Which recent event sticks out as a highlight?
It has to be the projection-mapped show we did for the Graduation Ceremony of the Military Technical College in Oman. A 9-minute show was produced and was projected across a 540 foot (around 165 meters) long canvas of the College itself. (Check out the video!)
It is both exciting and nerve-wracking when a client entrusts you with total creative and technical control of a project. Especially, when the scale of the project meant it was to be one of the largest in the country. The company GT-StageTech ensured from the outset that we received all the support required on time to design and execute the show.
Importantly, the client dedicated time and energy to really understand our creative direction and intent for the project. This reduced a lot of questions back and forth, and eliminated unnecessary production revisions.
This faith and confidence displayed at the planning stage made the design and production process easier. Our team also felt that they were able to manage time and perform at our best.
What is your advice to marketers and clients when planning an event?
Use the right partners, right amount of detail and right kind of communication!
Sourcing the right partners is crucial for the success of any project. The partner needs to match with the particular type of project. In order to be able to select the said partner, the project outcome must be clearly understood. One of the biggest mistakes is identifying the technology or gimmick first – before the expected result is fully understood.
Having the right amount of detail in the initial brief is also critical. The brief should give a clear overall picture of what you want to achieve, the project outcome. Questions should be asked by both parties to clear any doubts.
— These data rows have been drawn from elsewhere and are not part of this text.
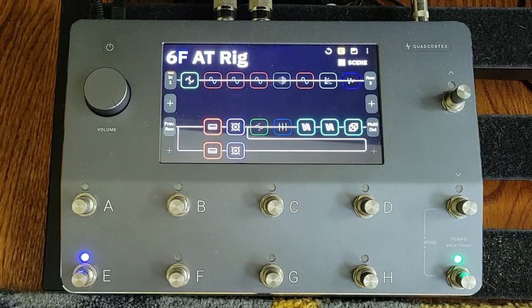For the past couple days I've been working on this preset trying to mimic Andy Timmons' rig. As I was working through some of his sounds I came across issues where he was using pedals to push the front of his amp and then using his guitar volume to clean it up, and I found the Quad Cortex wasn't behaving exactly the way I needed it to.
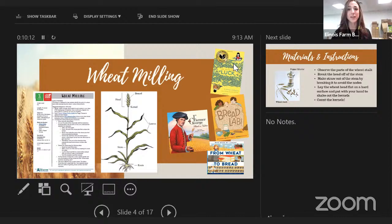'Farmer George' is a fourth-to-fifth-grade historical book about President George Washington. 'From Wheat to Bread' looks at the supply chain — how we get from the wheat stalk to the final product. 'Bread Lab' is really fun, exploring how bread works, what makes it rise, and the role of yeast. These are our favorite wheat books. We also have a diagram from our wheat ag mag that's great for beginning this lesson by identifying the different parts of a wheat stalk.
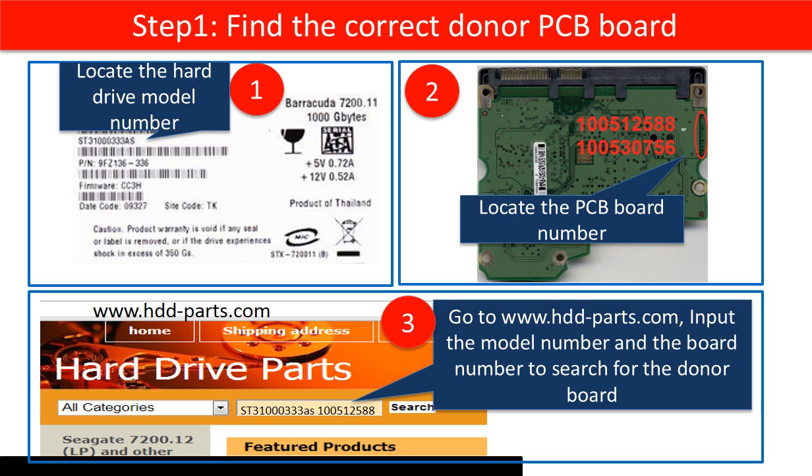Step 1: Find the correct donor board. First, locate the hard drive model number. Second, locate the PCB board number. Third, go to www.hdd-parts.com to search for the correct donor board.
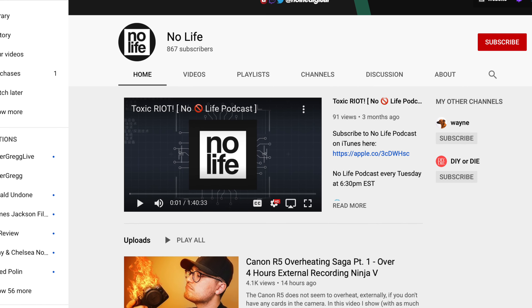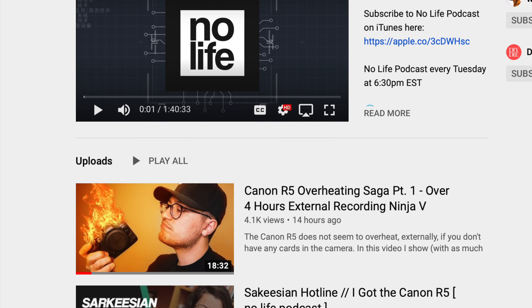If you've got the Ninja R5, great, put it on — it's going to increase your record times. If you don't, is it really worth spending $1,000 with the SSD to get this unit? Well, the answer is yes, it is now. The Channel NoLife did a test. He pulled out the memory cards and the battery, putting in a dummy battery, and tried recording to see what would happen. He got up to 4 hours before the camera shut off due to overheating. He did turn off the heat management, but he got 4 hours — and here's the other staggering piece of information.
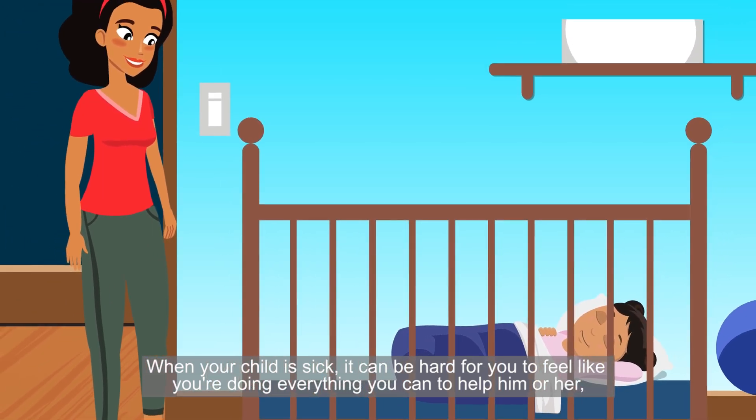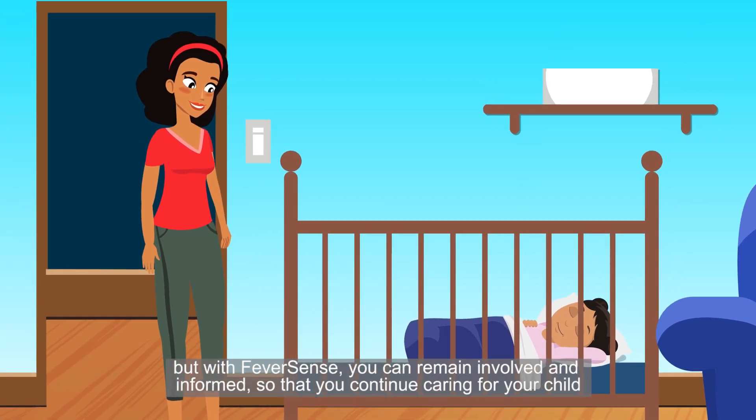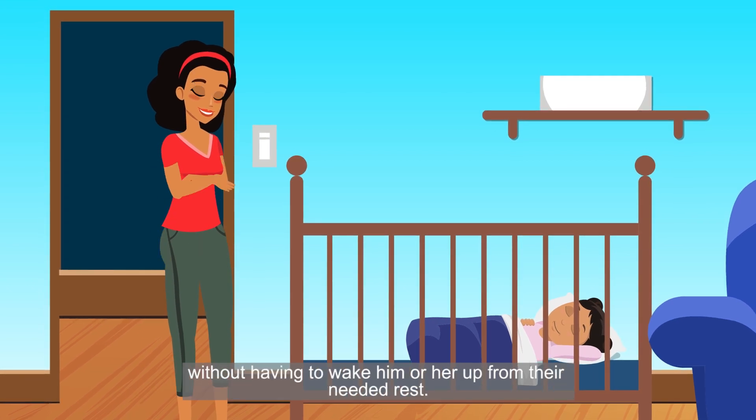Everyone in your family can rest easier, as FeverSense automatically alerts mom or dad to any important changes in their child's temperature. When your child is sick, it can be hard for you to feel like you're doing everything you can to help him or her. But with FeverSense, you can remain involved and informed, so that you continue caring for your child without having to wake him or her up from their needed rest.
Once the initial selection and briefing is complete, communication becomes the driving force of the project. Easy and efficient channels for communication should be established. There are many tools available which work better than email and phone calls.
What is the toughest event you have ever worked on?
The toughest project to-date has been the 360-degree projection mapping of one of the largest monuments in the world, the Ruwanwelisaya Stupa of Sri Lanka. It stands at 103 meters high with a circumference of 290 meters.
Built around 140 BC, the Stupa is a UNESCO World Heritage site and revered by Buddhists all over the world. There were many challenges starting with the significance of the site. We had to take every precaution to safely install projectors, power and servers also ensuring every last piece of material used is removed without damage to the location.
How did you beat the challenges?
This project was especially challenging as we only received strong orders to execute the project but minimum ground support. Once all was confirmed we had less than 18 days for the production!
We had to import all projectors and lenses as the necessary hardware was not available on the island. Further, a project of this scale had never been executed on the island.
We had to appoint and staff the specialised teams for structures, power and networking. When that was done, we sat down with the teams for almost 48 hours straight to plan all operations from content production to load in and load out.
The 360-degree structure meant each projection point was 70 m apart. We decided to go with the solution of multiple servers connected via a high-speed network. As the hemispherical structure was not visible from one single point, wrapping content on the structure required great planning. The 3D capabilities of Dataton WATCHOUT turned out to be very useful for our content and onsite workflows.
Some people felt the project might pose a threat to such religious spaces, while others applauded it as a leap in technology and innovation. We felt both proud and privileged to have been entrusted with the event.